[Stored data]
=-=-=

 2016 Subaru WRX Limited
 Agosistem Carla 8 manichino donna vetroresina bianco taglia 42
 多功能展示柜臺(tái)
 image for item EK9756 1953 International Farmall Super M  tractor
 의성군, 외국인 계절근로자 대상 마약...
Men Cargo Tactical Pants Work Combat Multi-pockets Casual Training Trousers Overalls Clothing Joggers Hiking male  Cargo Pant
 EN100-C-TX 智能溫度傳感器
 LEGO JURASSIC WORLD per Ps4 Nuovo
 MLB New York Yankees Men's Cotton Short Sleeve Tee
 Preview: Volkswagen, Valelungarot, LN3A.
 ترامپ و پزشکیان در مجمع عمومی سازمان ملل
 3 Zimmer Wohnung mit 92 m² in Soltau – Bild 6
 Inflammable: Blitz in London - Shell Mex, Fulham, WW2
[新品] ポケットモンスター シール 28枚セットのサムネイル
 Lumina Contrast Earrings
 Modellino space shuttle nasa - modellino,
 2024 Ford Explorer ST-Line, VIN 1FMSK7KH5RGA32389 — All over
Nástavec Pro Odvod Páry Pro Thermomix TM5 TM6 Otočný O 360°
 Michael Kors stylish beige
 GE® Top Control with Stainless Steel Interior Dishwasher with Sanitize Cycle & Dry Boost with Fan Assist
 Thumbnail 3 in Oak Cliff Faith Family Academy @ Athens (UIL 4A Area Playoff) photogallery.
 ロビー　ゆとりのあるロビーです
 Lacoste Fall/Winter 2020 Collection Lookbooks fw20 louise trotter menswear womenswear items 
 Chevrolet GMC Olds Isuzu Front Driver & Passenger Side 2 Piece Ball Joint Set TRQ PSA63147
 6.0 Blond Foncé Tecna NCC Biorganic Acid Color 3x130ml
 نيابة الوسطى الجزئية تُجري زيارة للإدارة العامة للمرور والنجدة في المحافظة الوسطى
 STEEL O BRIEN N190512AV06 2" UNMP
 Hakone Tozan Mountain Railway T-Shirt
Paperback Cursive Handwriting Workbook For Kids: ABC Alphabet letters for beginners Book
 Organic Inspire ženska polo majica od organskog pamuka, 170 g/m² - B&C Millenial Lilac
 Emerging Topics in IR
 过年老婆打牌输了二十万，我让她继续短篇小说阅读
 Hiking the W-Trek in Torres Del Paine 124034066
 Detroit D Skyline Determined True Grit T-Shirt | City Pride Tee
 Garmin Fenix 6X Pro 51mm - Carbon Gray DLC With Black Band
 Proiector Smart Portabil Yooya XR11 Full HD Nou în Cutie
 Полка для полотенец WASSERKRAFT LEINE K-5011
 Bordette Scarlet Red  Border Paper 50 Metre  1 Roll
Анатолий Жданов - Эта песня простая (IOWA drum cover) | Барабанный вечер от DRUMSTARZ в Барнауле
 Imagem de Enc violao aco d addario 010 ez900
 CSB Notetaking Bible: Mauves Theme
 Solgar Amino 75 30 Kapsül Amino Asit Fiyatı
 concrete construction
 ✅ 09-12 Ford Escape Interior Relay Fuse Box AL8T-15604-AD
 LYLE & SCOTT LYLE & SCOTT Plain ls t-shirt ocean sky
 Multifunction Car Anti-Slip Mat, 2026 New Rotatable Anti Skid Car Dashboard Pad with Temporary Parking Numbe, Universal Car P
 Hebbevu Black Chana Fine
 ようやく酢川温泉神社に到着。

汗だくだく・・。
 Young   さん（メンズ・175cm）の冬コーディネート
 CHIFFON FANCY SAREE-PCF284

=-=-=

Required action: Go through the records above, find each line with the string "Black", and copy it.

Response to the exercise:
 Garmin Fenix 6X Pro 51mm - Carbon Gray DLC With Black Band
 Hebbevu Black Chana Fine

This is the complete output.